Tool/Trend Report Format
After searching, provide:
- Current landscape: What research methods/tools are popular NOW
- Emerging trends: New techniques or tools gaining traction
- Deprecated/declining: Methods that are losing effectiveness
- Recommendation: Based on fresh data and current practices
Example Topics (verify with fresh search)
- AI-powered research tools (Maze AI, Looppanel)
- Unmoderated testing platforms evolution
- Voice of Customer (VoC) platforms
- Analytics and behavioral tools (Hotjar, FullStory)
- Accessibility testing tools and standards
- Research repository and insight management
Templates
- Shared plan template: ../software-clean-code-standard/assets/checklists/ux-research-plan-template.md — Product-agnostic research plan template (core + optional AI)

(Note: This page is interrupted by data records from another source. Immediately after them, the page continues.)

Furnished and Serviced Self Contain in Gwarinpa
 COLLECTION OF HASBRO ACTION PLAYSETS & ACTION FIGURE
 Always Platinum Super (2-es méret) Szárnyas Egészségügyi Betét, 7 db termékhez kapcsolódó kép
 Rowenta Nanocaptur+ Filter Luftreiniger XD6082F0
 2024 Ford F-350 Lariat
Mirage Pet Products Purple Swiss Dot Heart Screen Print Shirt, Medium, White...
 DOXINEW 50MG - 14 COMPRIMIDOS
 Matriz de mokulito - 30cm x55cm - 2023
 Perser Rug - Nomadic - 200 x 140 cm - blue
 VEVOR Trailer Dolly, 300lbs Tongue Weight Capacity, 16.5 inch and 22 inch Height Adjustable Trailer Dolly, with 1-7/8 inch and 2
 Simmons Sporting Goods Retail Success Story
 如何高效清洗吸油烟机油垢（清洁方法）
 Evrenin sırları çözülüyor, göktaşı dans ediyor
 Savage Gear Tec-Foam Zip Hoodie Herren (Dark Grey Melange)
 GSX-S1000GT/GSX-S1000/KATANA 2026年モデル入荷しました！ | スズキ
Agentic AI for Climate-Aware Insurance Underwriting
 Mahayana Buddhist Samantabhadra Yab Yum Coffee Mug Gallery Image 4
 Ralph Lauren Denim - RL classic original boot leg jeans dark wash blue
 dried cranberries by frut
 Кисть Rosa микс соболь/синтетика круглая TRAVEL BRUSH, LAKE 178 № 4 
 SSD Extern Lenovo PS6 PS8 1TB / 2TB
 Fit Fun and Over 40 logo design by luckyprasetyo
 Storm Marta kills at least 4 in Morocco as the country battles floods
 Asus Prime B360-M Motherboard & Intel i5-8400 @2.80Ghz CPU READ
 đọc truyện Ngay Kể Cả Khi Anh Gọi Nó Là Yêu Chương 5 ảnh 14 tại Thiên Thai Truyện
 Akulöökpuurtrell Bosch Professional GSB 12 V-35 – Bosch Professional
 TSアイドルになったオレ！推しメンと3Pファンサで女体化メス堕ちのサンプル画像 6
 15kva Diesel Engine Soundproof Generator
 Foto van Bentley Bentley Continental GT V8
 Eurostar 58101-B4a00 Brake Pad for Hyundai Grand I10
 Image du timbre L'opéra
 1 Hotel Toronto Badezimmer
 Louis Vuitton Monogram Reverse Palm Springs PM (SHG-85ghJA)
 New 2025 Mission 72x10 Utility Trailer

- assets/research-plan-template.md — UX research plan template
- assets/testing/usability-test-plan.md — Usability test plan
- assets/testing/usability-testing-checklist.md — Usability testing checklist
- assets/audits/heuristic-evaluation-template.md — Heuristic evaluation
- assets/audits/ux-audit-report-template.md — Audit report
Evaluative Research Loop
For prototype-parity polishing (fast iteration when product is "almost ideal"), see references/evaluative-research-loop.md. Covers: two-surface audit, drift classification (layout/density/control/content/state), friction-based prioritization, banner/loading guardrails, localization-readiness checks, and fast iteration cadence.
Fact-Checking
- Use web search/web fetch to verify current external facts, versions, pricing, deadlines, regulations, or platform behavior before final answers.
- Prefer primary sources; report source links and dates for volatile information.
- If web access is unavailable, state the limitation and mark guidance as unverified.